Kandas,
Toi qui enseignes le droit, toi qui fais la leçon aux étudiants avec l’air sérieux du Professeur qui connaît la vérité des textes, j’allais t’oublier dans ma déperdition. Toi, mon ami, mon beau qui admirait tellement le président CDD, j’ai besoin que tu m’expliques une énigme de la nouvelle Constitution.
À l’article 154, on me dit : « Le pouvoir judiciaire est indépendant. »
Très bien, ça sonne bien. Mais juste après :
Article 155 : c’est le Président qui nomme les magistrats.
Article 158 : le Conseil supérieur de la magistrature est sous son autorité.

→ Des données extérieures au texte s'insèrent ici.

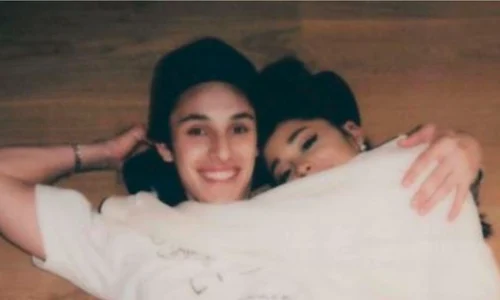 ariana jpeg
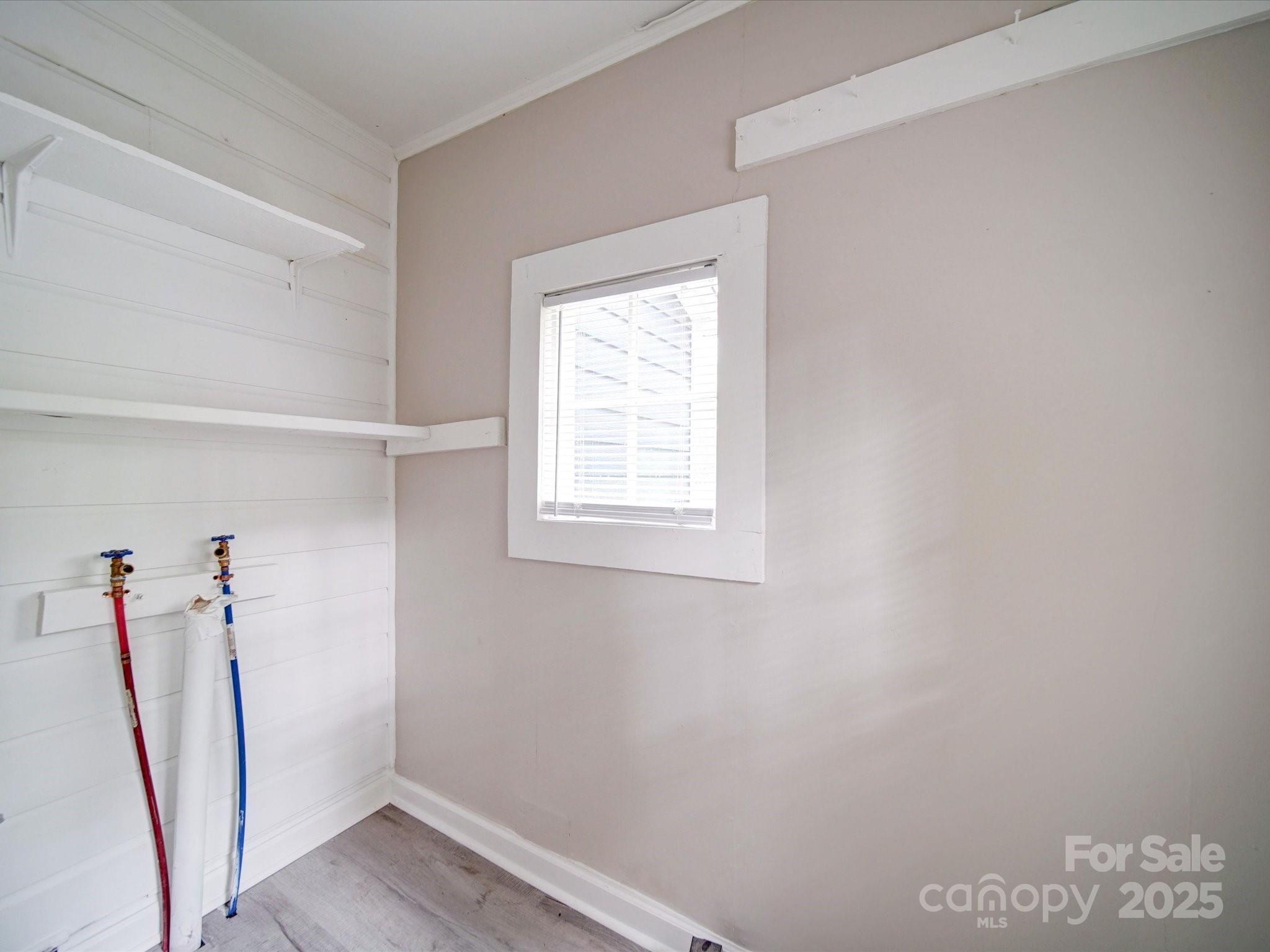 2123 W Sixth Avenue Property Photo 10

Article 159 : et, bouquet final, le Président est lui-même le garant de l’indépendance de la justice.
Alors, Kandas, toi qui parles la langue du droit, dis-moi :
Est-ce que l’indépendance, c’est quand le loup choisit lui-même les chiens de garde du troupeau ?
Est-ce que l’impartialité, c’est quand le berger signe un contrat de surveillance avec le renard ?
Est-ce que la liberté, c’est quand on proclame l’autonomie d’un mouton attaché à la laisse ?
Moi, profane, j’appelle ça un conte cruel :
Le loup jure qu’il sera le protecteur officiel des moutons.
Le loup nomme les moutons qui doivent le surveiller.
Et si un mouton ose bêler trop fort, le loup rappelle gentiment que c’est lui, le garant de leur indépendance.
Kandas, aide-moi à comprendre : est-ce du droit, ou un manuel de dressage pour moutons naïfs ? Parce que si c’est ça l’indépendance de la justice, alors moi je suis déjà Prix Nobel de mathématiques.
Je t’interpelle avec toute l’amitié qui nous lie : est-ce que tu veux vraiment expliquer à tes étudiants que la justice est indépendante… parce que c’est le loup qui en garantit la liberté ?
Avec toute mon amitié corrosive,
Alpha Issagha Diallo
Profane sans code ni chaire, mais assez lucide pour savoir qu’un mouton nommé par le loup ne sera jamais libre.